● **Exercise brief**
Which lines run from the line with "Completed timber play" to the end of the entries? Write out exactly those, leaving out the pictures.
[Raw data — start]
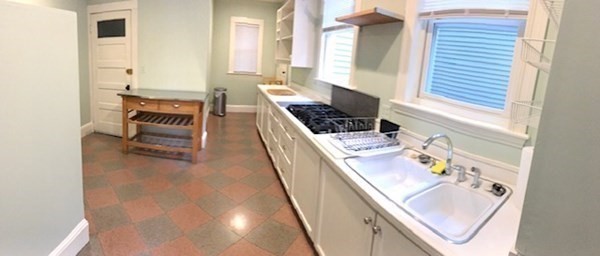 26 Tower Street Boston, MA 02130 - Photo 5 of 17 a kitchen with sink stove and cabinets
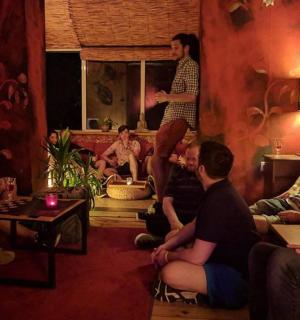 एक कमरे में बैठे लोगों का एक समूह और दीवार पर एक आदमी खड़ा है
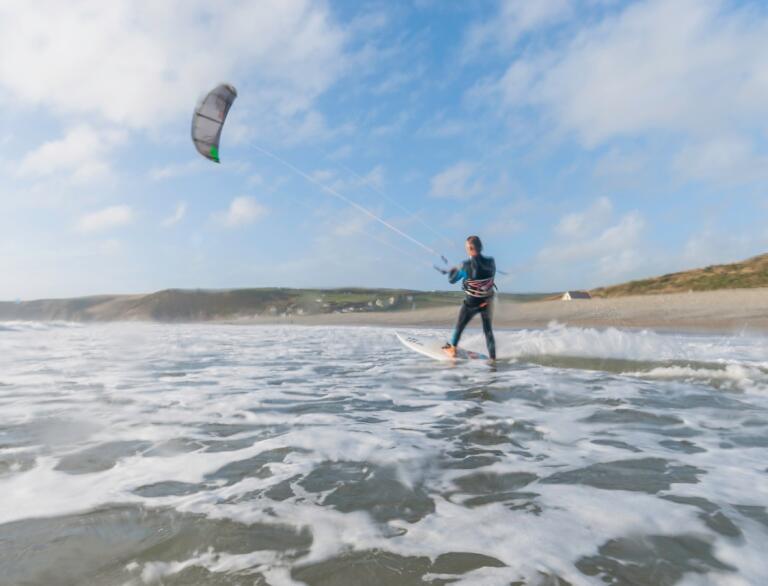 A man kitesurfing at Newgale beach with sand in distance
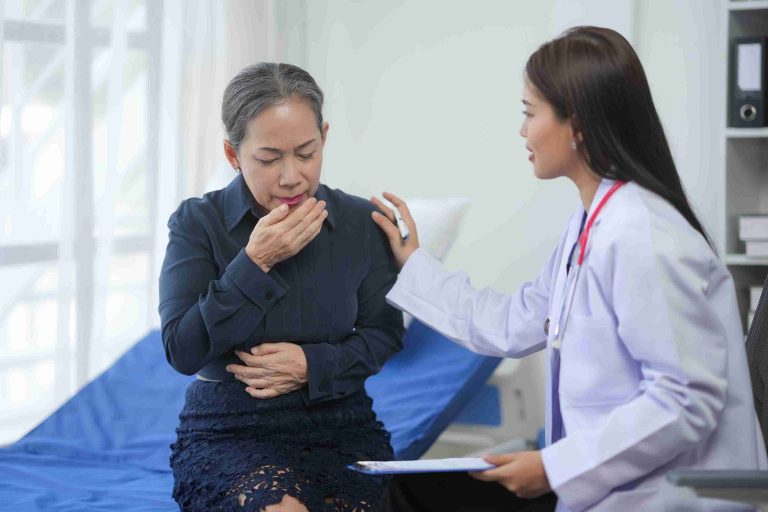 Doctor comforting an elderly patient.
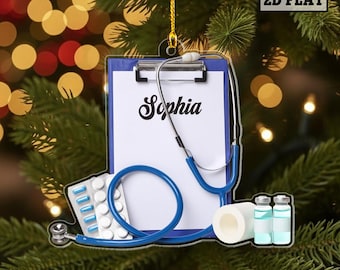 May include: A medical-themed Christmas ornament featuring a blue clipboard with the name "Sophia", a blue stethoscope, pills, bandages, and vials. The ornament is hanging in front of a Christmas tree with bokeh lights.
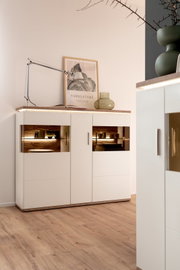 Modernes weißes Sideboard mit Holzplatte und integrierter LED-Beleuchtung in den offenen Fächern, dekoriert mit Tischlampe, gerahmtem Poster und Glasvase, fotografiert in leicht schräger Frontansicht aus Augenhöhe.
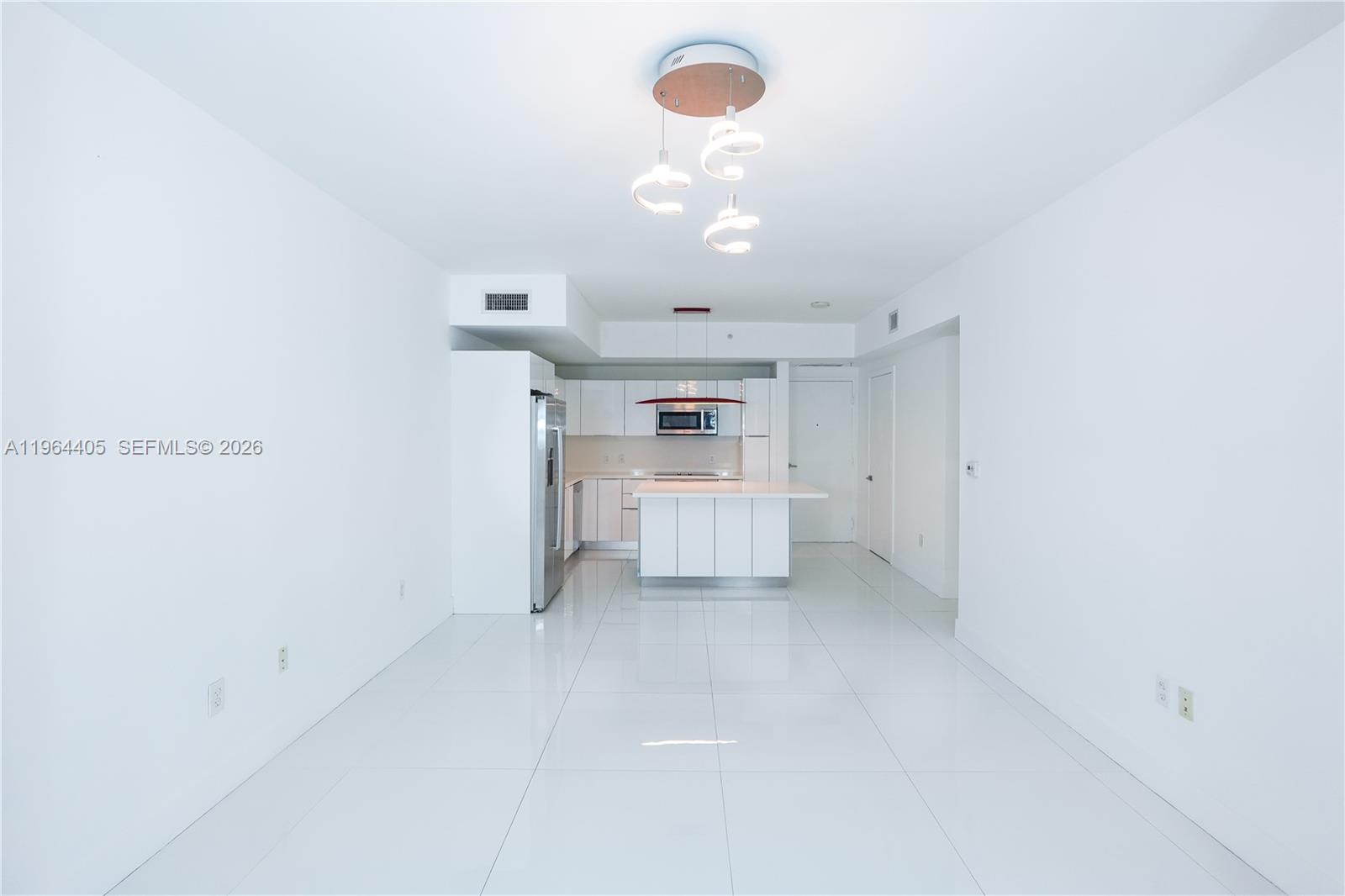 A minimalist kitchen with white cabinetry and tile flooring opens into a spacious living area — 1010 SW 2nd Ave # 606, Miami FL 33130, MIAMI, FL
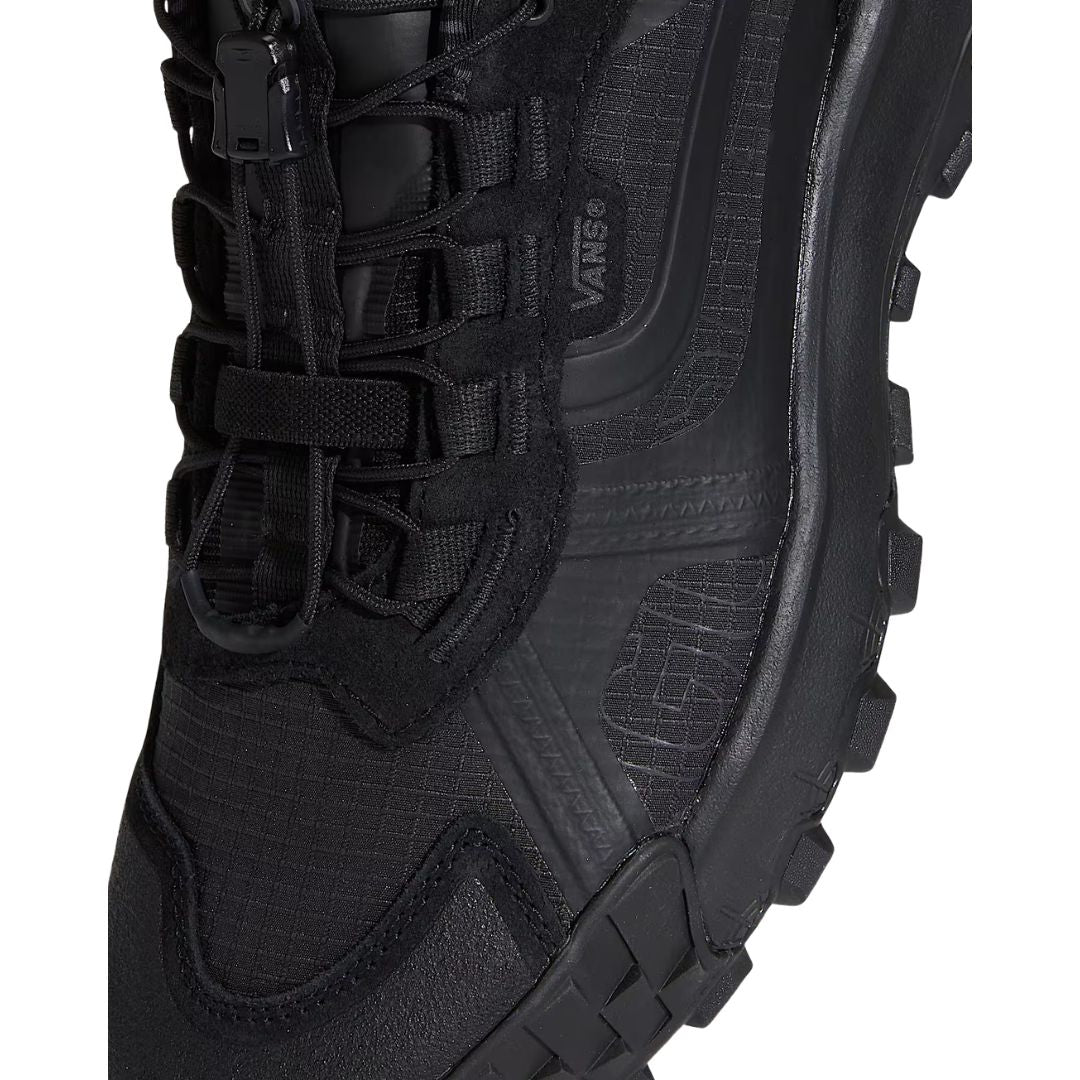 Primer plano de los cordones y el clip Speedlace de la zapatilla Vans Crosspath XC Gore-Tex en negro, con el logotipo Vans grabado en el lateral y la suela Vibram al fondo.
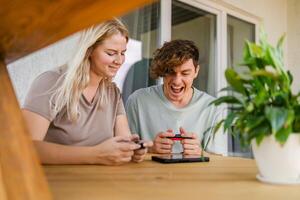 Joyful man and woman playing games on terrace. Technology and game console concept photo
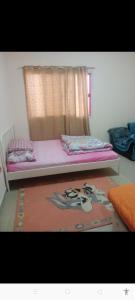 a bedroom with a bed with a window and a rug at Transient furnished. Room just 1 min to Al ain mall in Al 'Ayn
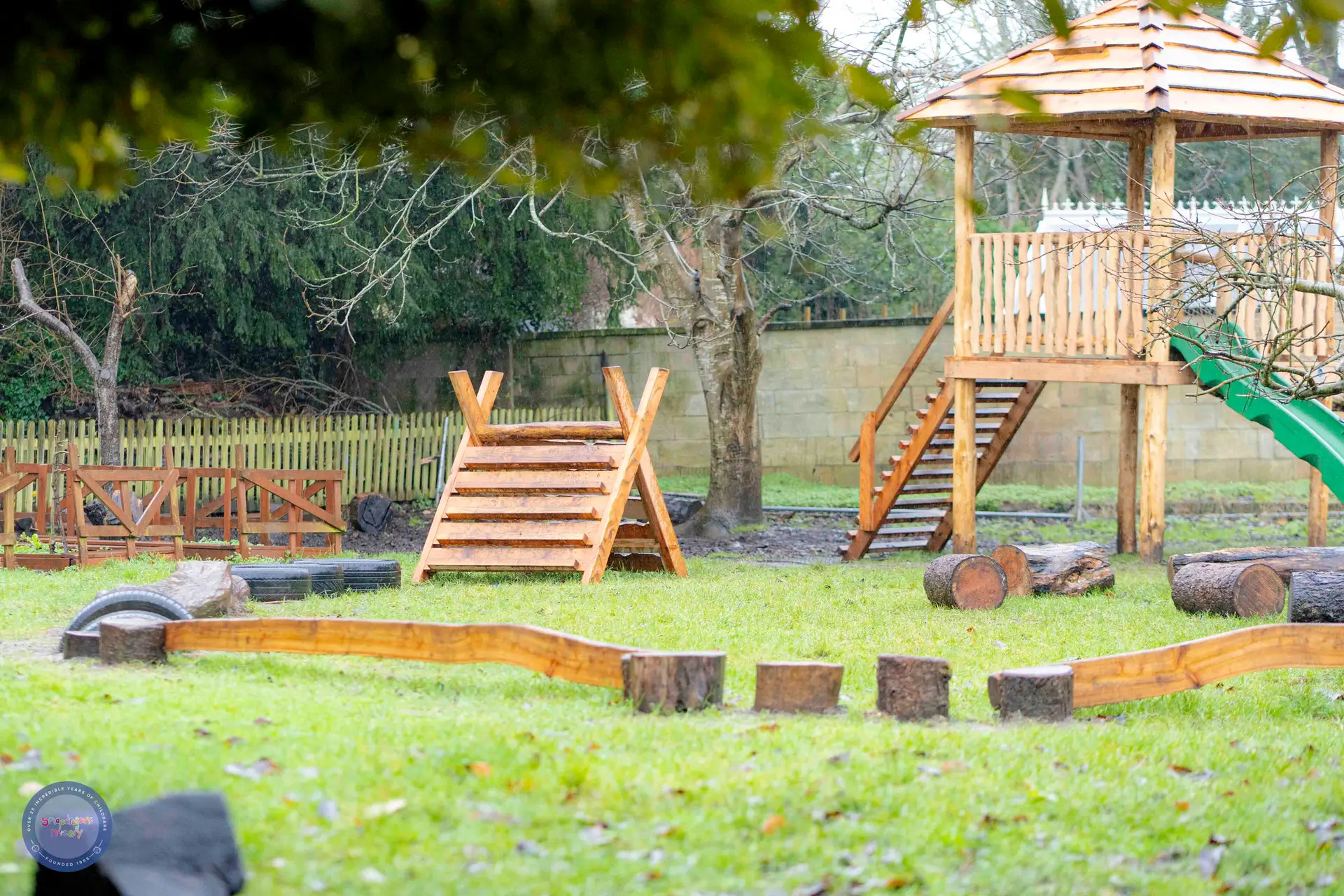 Completed timber play structure with ramp, platform and log edging built by Monkey Business Design at a Bath nursery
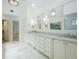 Bathroom featuring double vanity sinks with marble countertops and a view of the glass shower at 265 Landfall Rd, Atlanta, GA 30328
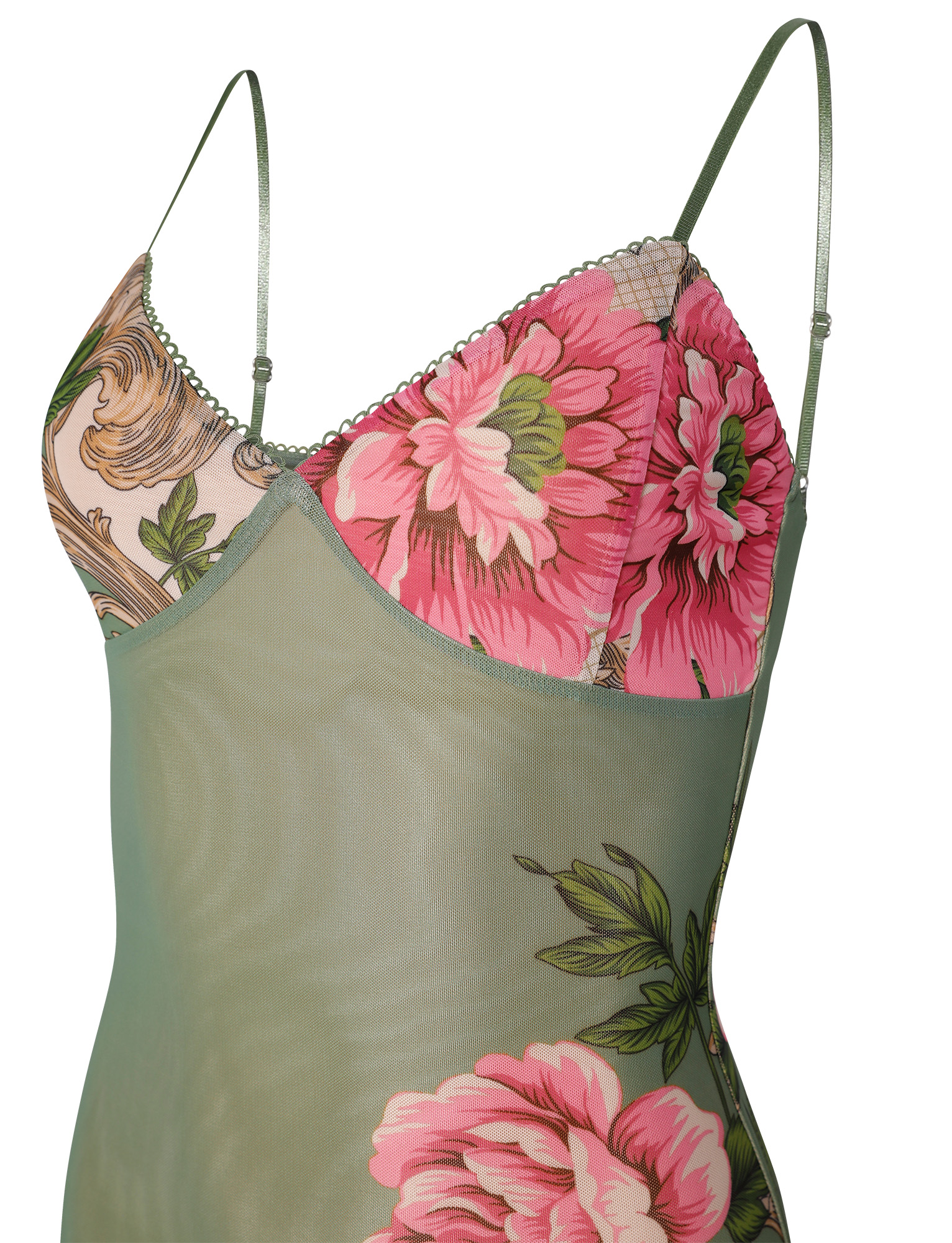 Detailed close-up of the bust of the green floral mesh maxi dress, showing the pink floral print and delicate trim.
[Raw data — finish]
● **Exercise response**
 Completed timber play structure with ramp, platform and log edging built by Monkey Business Design at a Bath nursery
 Bathroom featuring double vanity sinks with marble countertops and a view of the glass shower at 265 Landfall Rd, Atlanta, GA 30328
 Detailed close-up of the bust of the green floral mesh maxi dress, showing the pink floral print and delicate trim.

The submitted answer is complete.